## What the exercise asks
Output, exactly and with no pictures, the line that contains "Mind Map: Elementos" and every line that comes after it in the data below, the last one included.

## Raw data

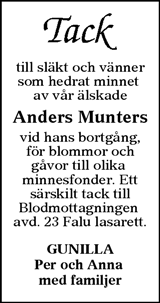 Borlänge Tidning,Falu-Kuriren,Södra Dalarnes Tidning,Nya Ludvika Tidning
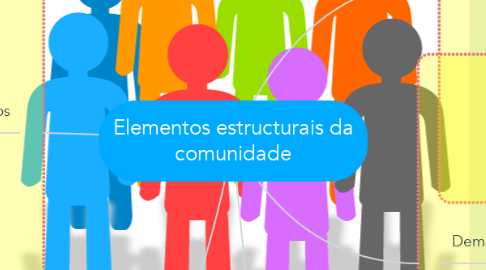 Mind Map: Elementos estructurais da comunidade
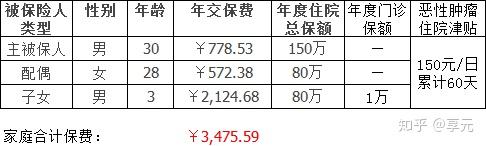 连云港医保小额提取代办600以内(医保提取代办中介)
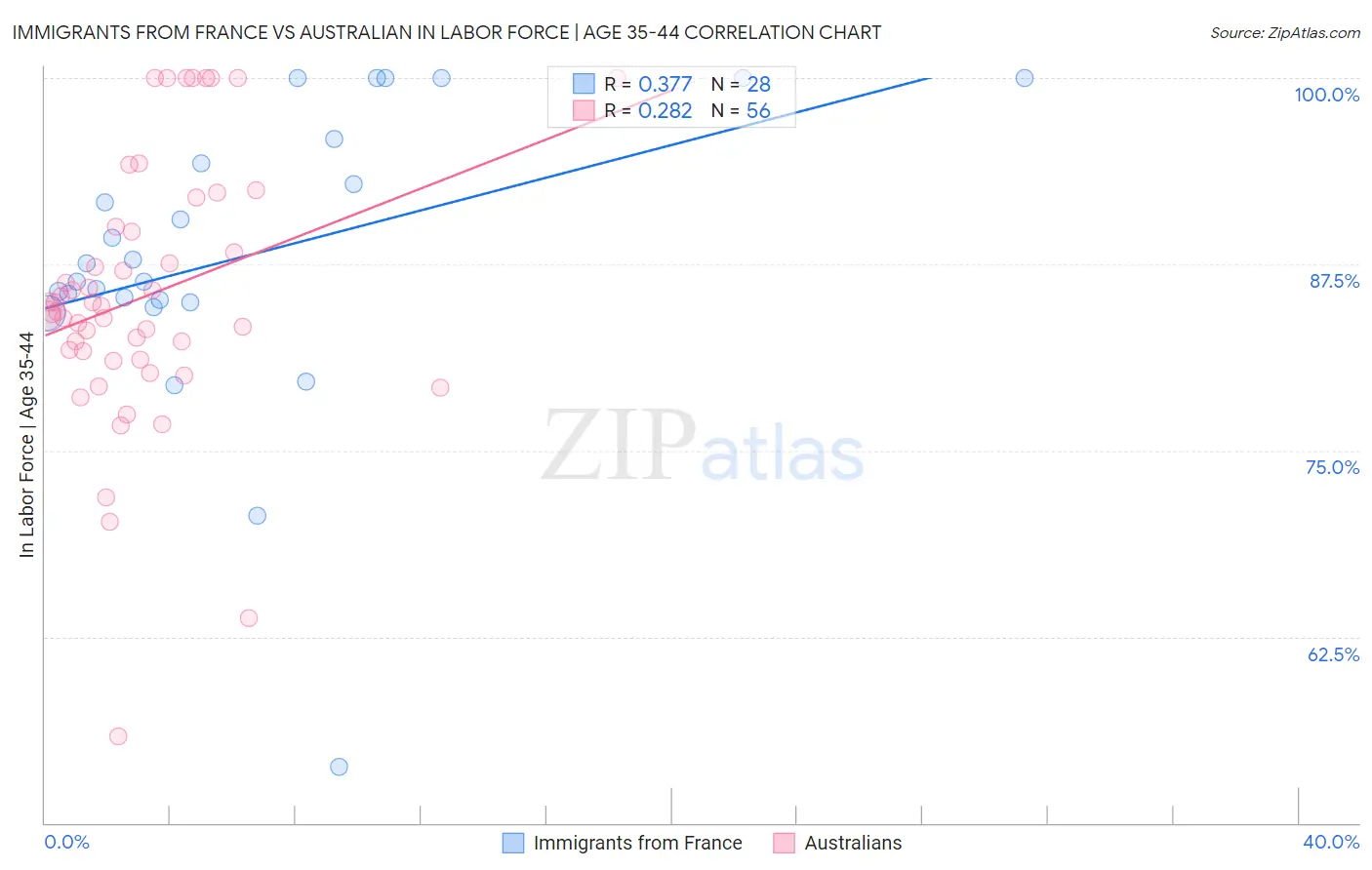 Immigrants from France vs Australian In Labor Force | Age 35-44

## Result of the exercise
 Mind Map: Elementos estructurais da comunidade
 连云港医保小额提取代办600以内(医保提取代办中介)
 Immigrants from France vs Australian In Labor Force | Age 35-44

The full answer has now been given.